SUPPLIED RECORDS:
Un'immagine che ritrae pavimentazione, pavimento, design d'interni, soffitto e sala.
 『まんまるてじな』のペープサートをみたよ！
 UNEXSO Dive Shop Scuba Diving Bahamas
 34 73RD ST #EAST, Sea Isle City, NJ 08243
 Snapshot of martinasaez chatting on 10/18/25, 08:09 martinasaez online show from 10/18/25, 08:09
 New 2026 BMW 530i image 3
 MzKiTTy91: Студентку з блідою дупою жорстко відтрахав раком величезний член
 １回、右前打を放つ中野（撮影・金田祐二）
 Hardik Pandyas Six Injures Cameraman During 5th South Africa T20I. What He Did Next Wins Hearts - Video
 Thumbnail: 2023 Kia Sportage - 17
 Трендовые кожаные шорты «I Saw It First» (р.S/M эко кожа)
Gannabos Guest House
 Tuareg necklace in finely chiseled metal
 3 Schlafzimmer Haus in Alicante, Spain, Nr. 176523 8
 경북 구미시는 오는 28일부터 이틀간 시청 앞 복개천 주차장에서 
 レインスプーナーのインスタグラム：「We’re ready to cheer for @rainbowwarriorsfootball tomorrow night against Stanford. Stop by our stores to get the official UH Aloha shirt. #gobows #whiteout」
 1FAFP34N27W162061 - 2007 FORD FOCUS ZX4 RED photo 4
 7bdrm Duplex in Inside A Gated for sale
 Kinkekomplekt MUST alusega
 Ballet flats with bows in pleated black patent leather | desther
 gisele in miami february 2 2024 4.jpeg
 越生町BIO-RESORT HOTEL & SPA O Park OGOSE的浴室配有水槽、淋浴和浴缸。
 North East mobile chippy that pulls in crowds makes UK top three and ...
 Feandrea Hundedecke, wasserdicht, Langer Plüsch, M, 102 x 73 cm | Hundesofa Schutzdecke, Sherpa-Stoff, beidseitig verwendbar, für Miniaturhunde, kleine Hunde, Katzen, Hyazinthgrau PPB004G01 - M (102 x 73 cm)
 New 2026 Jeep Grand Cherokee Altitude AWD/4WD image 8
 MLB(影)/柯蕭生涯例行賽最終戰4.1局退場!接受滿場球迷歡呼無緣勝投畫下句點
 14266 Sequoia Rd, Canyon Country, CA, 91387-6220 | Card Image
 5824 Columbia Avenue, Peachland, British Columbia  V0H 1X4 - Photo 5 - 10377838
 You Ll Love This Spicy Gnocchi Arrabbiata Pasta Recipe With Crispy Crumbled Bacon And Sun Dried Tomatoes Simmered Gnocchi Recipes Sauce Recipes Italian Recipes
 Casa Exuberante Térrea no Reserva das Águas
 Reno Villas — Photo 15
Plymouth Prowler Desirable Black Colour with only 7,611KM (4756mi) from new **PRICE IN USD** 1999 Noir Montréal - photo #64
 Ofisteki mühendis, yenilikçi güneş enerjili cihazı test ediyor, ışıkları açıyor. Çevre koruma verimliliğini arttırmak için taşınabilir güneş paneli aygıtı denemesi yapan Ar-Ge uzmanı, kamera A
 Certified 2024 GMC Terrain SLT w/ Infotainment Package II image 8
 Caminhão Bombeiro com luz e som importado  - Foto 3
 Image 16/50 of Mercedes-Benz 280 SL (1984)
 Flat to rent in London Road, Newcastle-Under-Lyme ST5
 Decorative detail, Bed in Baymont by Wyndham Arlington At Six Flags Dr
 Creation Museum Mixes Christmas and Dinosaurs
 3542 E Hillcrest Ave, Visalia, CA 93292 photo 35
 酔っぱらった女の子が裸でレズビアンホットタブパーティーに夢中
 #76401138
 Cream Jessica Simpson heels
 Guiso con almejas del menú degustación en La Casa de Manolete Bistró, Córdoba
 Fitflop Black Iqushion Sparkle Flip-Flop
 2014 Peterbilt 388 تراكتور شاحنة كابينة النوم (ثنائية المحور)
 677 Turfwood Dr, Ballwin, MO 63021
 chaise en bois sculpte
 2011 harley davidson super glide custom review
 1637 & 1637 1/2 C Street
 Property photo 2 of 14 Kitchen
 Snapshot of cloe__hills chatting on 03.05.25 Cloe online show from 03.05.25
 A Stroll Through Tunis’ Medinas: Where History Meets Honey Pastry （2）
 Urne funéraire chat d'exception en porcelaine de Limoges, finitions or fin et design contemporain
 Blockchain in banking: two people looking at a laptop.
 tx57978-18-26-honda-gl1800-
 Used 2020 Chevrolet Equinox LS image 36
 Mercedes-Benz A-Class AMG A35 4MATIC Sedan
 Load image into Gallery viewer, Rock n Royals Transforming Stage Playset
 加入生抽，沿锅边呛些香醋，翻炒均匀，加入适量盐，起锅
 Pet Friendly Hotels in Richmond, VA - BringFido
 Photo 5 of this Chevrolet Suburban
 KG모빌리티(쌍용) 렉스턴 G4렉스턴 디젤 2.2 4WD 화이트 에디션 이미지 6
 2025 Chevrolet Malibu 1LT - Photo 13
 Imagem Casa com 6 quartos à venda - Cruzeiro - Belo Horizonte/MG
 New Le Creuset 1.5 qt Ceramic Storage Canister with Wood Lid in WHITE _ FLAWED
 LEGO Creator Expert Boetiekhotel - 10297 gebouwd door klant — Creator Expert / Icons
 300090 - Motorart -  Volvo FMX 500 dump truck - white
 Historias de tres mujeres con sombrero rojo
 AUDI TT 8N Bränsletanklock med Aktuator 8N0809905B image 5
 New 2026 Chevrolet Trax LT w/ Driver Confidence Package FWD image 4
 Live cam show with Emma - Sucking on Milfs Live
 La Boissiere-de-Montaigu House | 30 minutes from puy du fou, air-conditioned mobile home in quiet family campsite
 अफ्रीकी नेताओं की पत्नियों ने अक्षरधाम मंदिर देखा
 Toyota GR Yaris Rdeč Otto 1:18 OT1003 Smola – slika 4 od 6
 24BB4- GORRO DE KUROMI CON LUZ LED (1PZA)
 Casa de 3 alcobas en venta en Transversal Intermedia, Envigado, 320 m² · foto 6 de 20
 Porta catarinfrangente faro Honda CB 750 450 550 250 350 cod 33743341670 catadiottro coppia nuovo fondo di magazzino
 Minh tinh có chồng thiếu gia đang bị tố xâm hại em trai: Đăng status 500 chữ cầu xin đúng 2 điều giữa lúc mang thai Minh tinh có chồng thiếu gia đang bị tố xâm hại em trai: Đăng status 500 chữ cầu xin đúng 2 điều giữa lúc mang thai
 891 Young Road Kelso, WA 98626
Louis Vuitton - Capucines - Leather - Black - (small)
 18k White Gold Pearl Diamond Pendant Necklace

WHAT IS BEING ASKED: Using the records above, filter out every line that lacks the string "mobile" and copy the rest.

FINISHED EXERCISE:
 North East mobile chippy that pulls in crowds makes UK top three and ...
 La Boissiere-de-Montaigu House | 30 minutes from puy du fou, air-conditioned mobile home in quiet family campsite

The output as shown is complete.